Supplied information Start Marker

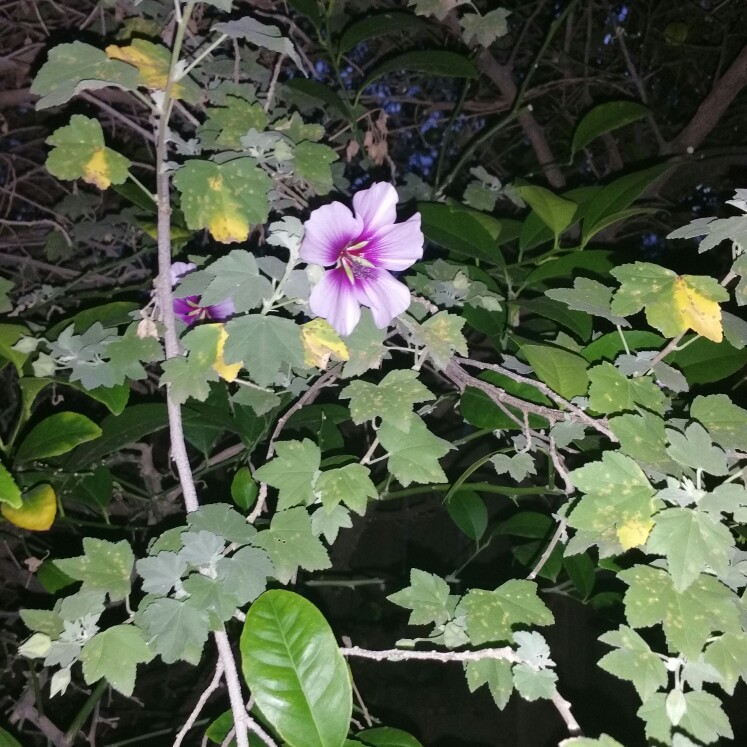 Rose Of Sharon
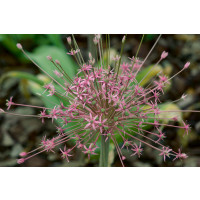 Allium ´Schubertii´ / Okrasný cesnak, bal. 3 ks, 10/12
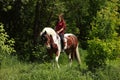 Beautiful cowgirl bareback ride her horse in woods glade. Equine, people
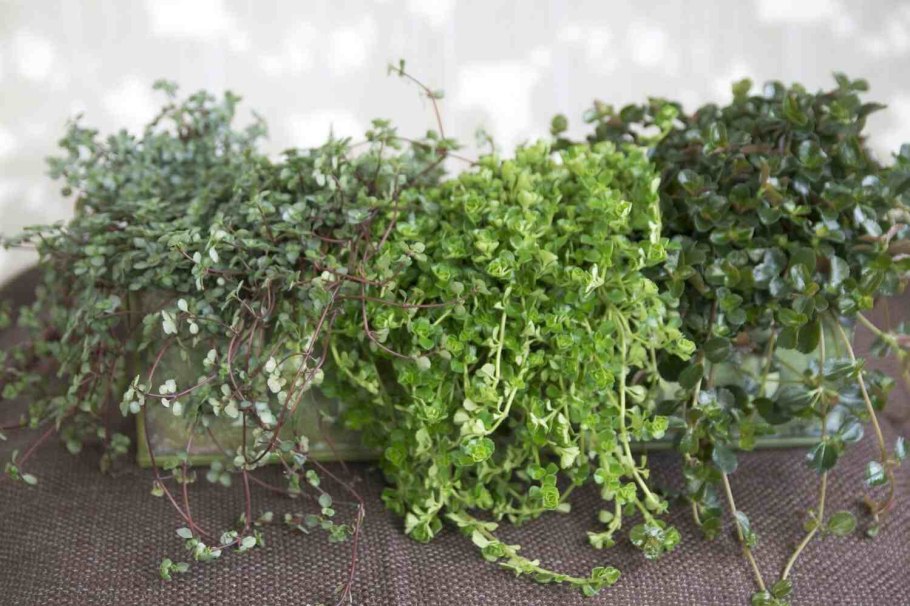 Базилик целебный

Supplied information End Marker

Exact lines, nothing more: output the one with "Beautiful cowgirl bareback" and every later line through the end of the data, skipping pictures.

 Beautiful cowgirl bareback ride her horse in woods glade. Equine, people
 Базилик целебный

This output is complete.